The Supreme Court has sought a reply from Samsung India Electronics on the I-T department plea that the firm is liable to deduct tax in respect of goods outsourced for manufacturing. The issue has been raised by the income-tax department saying that consumer electronics and home appliances manufacturer Samsung India Electronics Ltd is liable to deduct tax in respect of goods outsourced for manufacturing to other manufacturers or original equipment manufacturers.
A Bench headed by Justice S H Kapadia has sought reply from Samsung on this.
Challenging the Delhi high court judgment that dismissed its plea, the I-T department said that the contracts for manufacturing products bearing the company’s trademark are not sale deals but agreements for carrying out work.
It further said that under Section 194-C of the Income-Tax Act, 1961, tax should be deducted on such contracts.
Relying on the apex court’s decisions in various cases, additional solicitor general Gourab Bannerjee said that in a works or service contract, the person performing or rendering the service has no property in what has been produced, notwithstanding the fact that part or even the whole of the material used by him might be his property.

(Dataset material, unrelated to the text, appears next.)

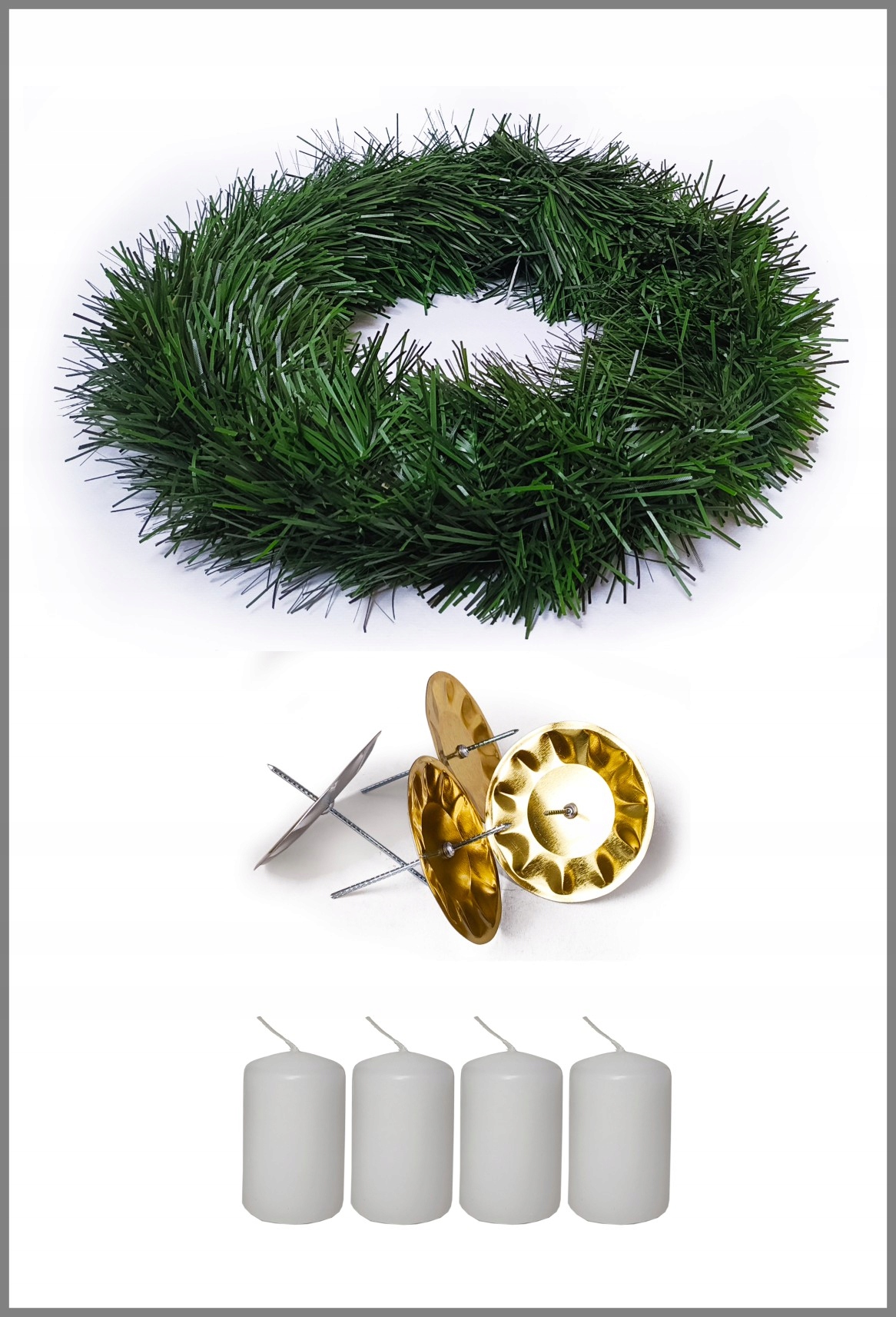 Zestaw do zrobienia wieńca adwentowego, białe świece, wieniec, podstawki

The I-T department said that goods produced must have an individual existence as the property of the manufacturer who produced it.
After studying Samsung’s transactions and the agreements, it was clear that those were not contracts for selling goods, the petition said, adding that as the goods carried the brand name Samsung, they could not have been legally sold by the manufacturers and, therefore, they were not commercial commodities.

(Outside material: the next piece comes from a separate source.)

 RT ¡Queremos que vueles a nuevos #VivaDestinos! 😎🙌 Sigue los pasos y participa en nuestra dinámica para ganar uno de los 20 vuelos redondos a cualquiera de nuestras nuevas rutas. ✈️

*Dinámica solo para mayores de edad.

“The manufacturers were not at liberty to dispose the products in the manner they found most beneficial or apt. Thus, the transactions were contracts for carrying out work and the respondent (Samsung) was liable to deduct tax on the same,” the petition said.

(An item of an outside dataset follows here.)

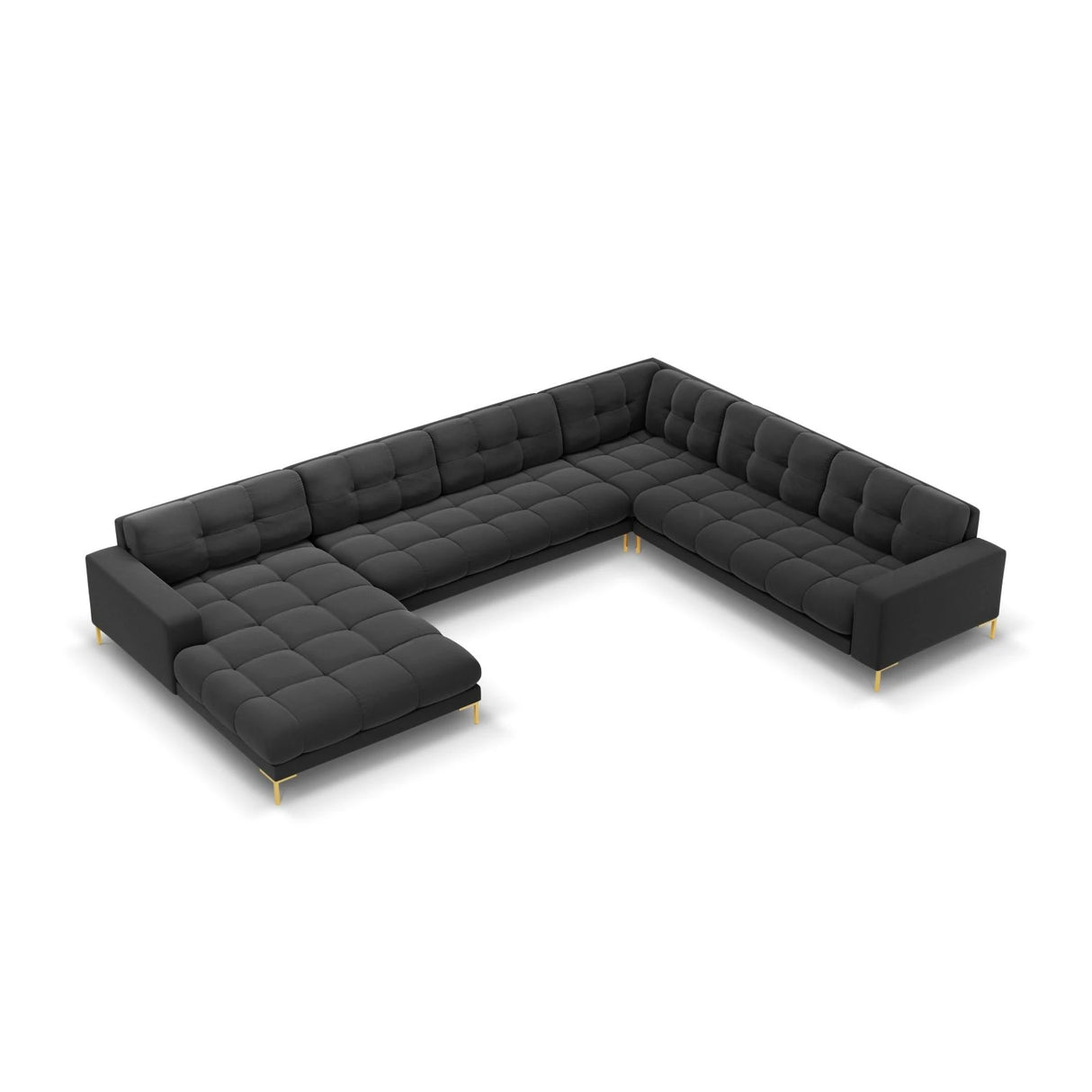 Mamaia 7-Sitzer Panorama-Ecksofa, Rechte Seite, Beine Goldmetall, mit Bezug aus Samt (Blu18) in Dunkelgrau, 327x256 cm – Bild 1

“The entire production was being undertaken at the behest of the respondent (in accordance with) its technical specifications, which in turn were governed through strict quality controls audits, personal supervisions and other measures,” it stated.
The department rejected Samsung’s contention that the arrangement with the manufacturers was in the nature of ‘purchase and sale’ and on a principal-to-principal basis.
The authorities had also dismissed the company’s argument that sales tax and excise duty were being paid by the manufacturers and the goods remained their property till they were delivered to Samsung.
However, the commissioner of Income-Tax (Appeals), on Samsung’plea, while holding that the transactions were sales, had set aside the department’s order asking the company to pay tax of more than Rs 1.67 crore (Rs 16.7 million) for 2003-04.
Both the Income Tax Appellate Tribunal and the high court had held that the transactions were in the nature of the contracts for sale and not in nature of work contracts.